- 304
TONGAN CLUB, TONGA ISLANDS
Description
- wood
Provenance
Wayne Heathcote, New York
Masco Corporation, Detroit
Sotheby's New York, May 17, 2002, lot 362
Todd Barlin, Sydney, acquired at the above auction
James Barzyk, Chicago, acquired from the above
Exhibited
The Kimbell Museum, Fort Worth, Island Ancestors: Oceanic Art from the Masco Collection, September 24, 1994 - May 5, 1996; additional venues:
Honolulu Academy of Arts, Honolulu, February 2 - March 26, 1995
The Detroit Institute of Arts, Detroit, June 11 - August 6, 1995
North Carolina Museum of Art, Raleigh, March 9 - May 5, 1996
Literature
Keith Saint Cartmail, The Art of Tonga, Honolulu, 1997, p. 131, cat. 89
Condition
In response to your inquiry, we are pleased to provide you with a general report of the condition of the property described above. Since we are not professional conservators or restorers, we urge you to consult with a restorer or conservator of your choice who will be better able to provide a detailed, professional report. Prospective buyers should inspect each lot to satisfy themselves as to condition and must understand that any statement made by Sotheby's is merely a subjective qualified opinion.
NOTWITHSTANDING THIS REPORT OR ANY DISCUSSIONS CONCERNING CONDITION OF A LOT, ALL LOTS ARE OFFERED AND SOLD "AS IS" IN ACCORDANCE WITH THE CONDITIONS OF SALE PRINTED IN THE CATALOGUE.
Catalogue Note
Wardwell (1995: 180) notes: "As in other parts of Polynesia, warfare was an important element of Tongan culture, and long clubs were among the favored weapons... Some chiefs won their high positions 'with the use of the club on the battlefield' (Gifford 1929: 123)... Many clubs also served as insignia of rank."
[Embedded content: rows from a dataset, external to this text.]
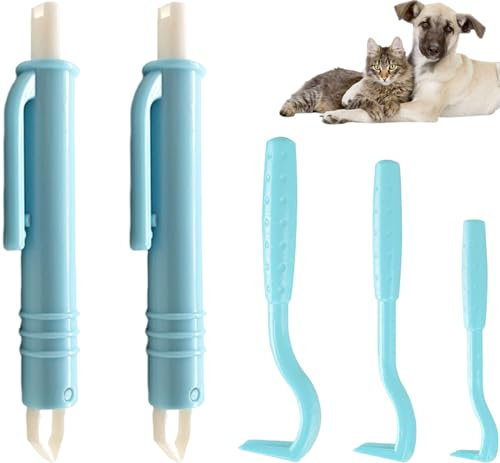 BAVALIN 5 Pièces Anti-tiques - 3 Crochets à Tiques et 2 Pinces à Tiques Ensemble, Dissolvant sans Douleur pour Chiens, Chats et Humains Animaux de Compagnie (Bleu)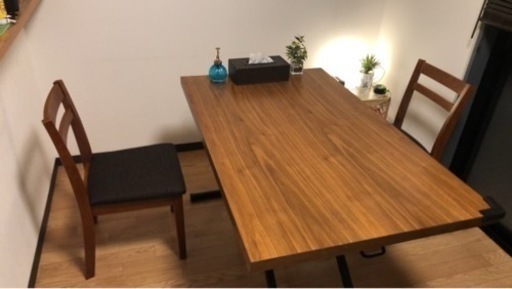 ニトリ　昇降ダイニングテーブル　ミドルブラウン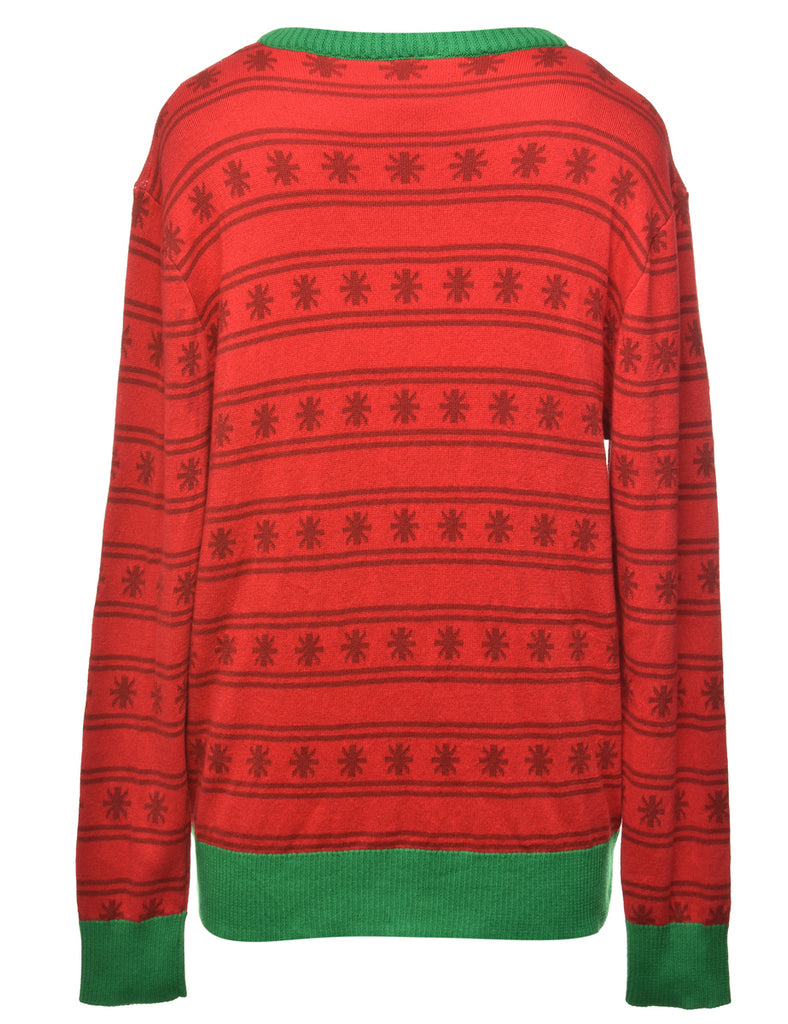 Christmas Tree Print Red Jumper - L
St. Cartmail (1997: 131) illustrates the present club, calling it "a much rarer type of club [in] the form of a quatrefoil-section head made up of four serrated ridges." Mills (2009: 7-46) classifies this very rare form as part of his "'Akau Families J and K: Stellate and Polygonal 'Akau ", noting: "Gifford (1929: 207) recorded the name of an individual 'akau as Tu'i Tapavalu /'Eight-Sided Lord', as well as another club similarly titled Tu'i. Samwell recorded Tu'i, glossed 'Lord/King', in his short Tongan vocabulary of 1777, as a term meaning 'club' (Beaglehole 1988 [III]: 1045), which may simply reflect the artefact's exalted status or may have been a formal artefact class. If the latter, a tu'i must have been a type current in the 1770s and there are very few other types of that period for which the Tongan name is not already known. The formal complexity of the Stellate 'akau indicates a labour-intensity of sharply faceted, fine modelling chisel-work far beyond that of the other types, a trait widely taken to index high status. Peculiarly, their closest formal resemblance is not to any other West Polynesian weapons but rather the 'mace gods' of Central Polynesia (see Barrow 1979; Hooper 2006: 226, 232-33)".
For other longitudinally-ridged stellate 'Akau cf. one previously in the James T. Hooper Collection (Phelps 1976: 172, cat. 735) and another drawn by Sara Stone in her watercolor sketchbook of the 1780s (see Kaeppler 1999: 30, fig 29).